- COLLECTED DATA:
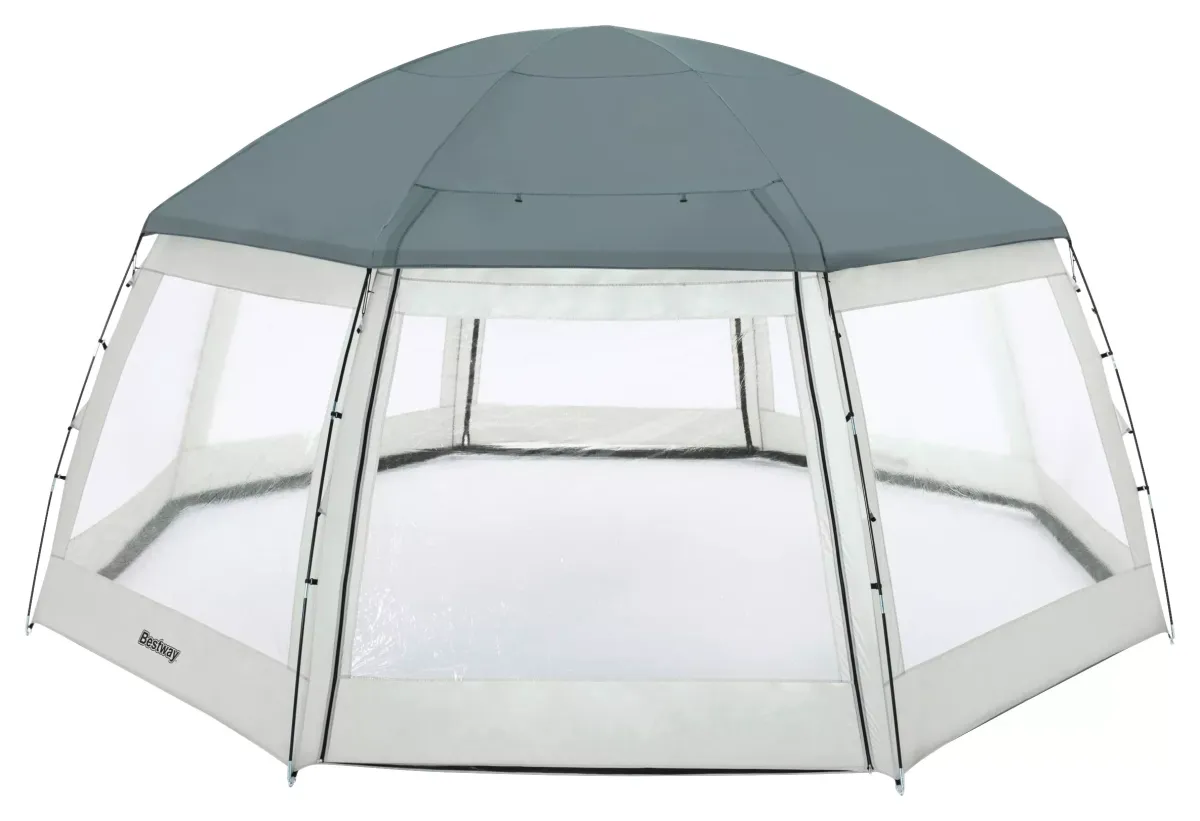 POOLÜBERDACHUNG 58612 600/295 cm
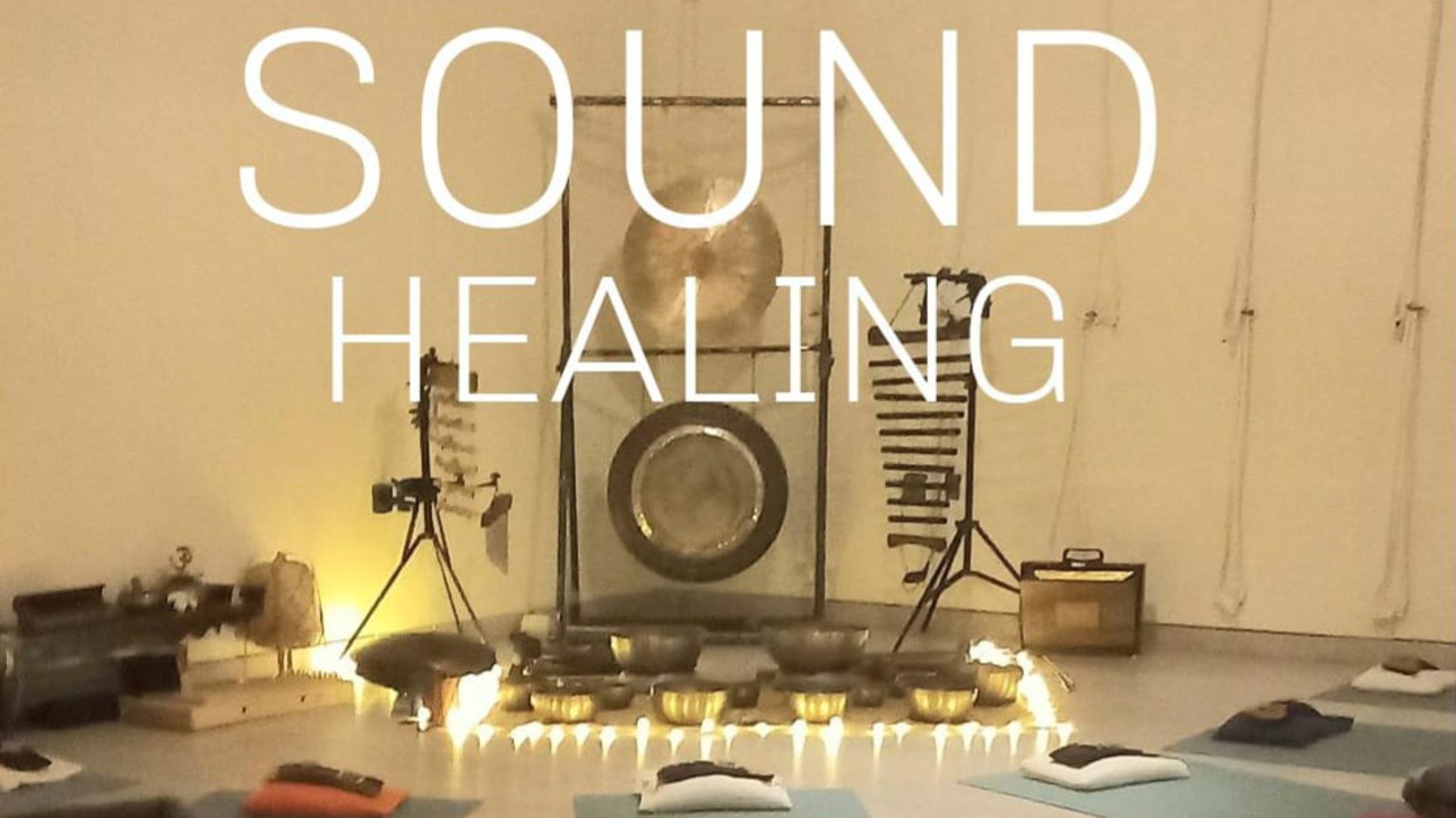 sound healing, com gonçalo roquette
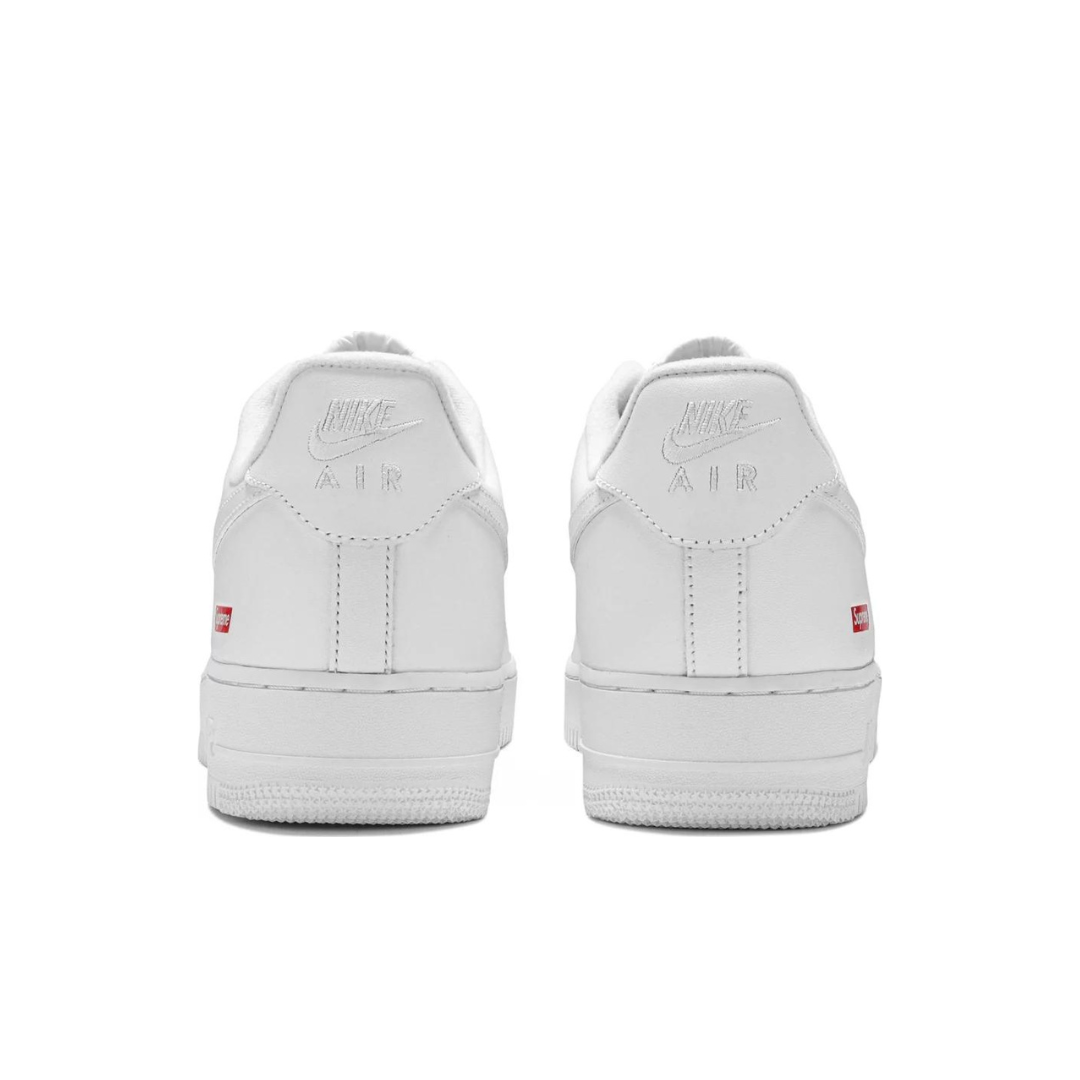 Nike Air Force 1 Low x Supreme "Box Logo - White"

- WHAT YOU WILL DO: Every line above goes into the copy unchanged; the pictures do not.

- OUTPUT FOR THIS TASK:
 POOLÜBERDACHUNG 58612 600/295 cm
 sound healing, com gonçalo roquette
 Nike Air Force 1 Low x Supreme "Box Logo - White"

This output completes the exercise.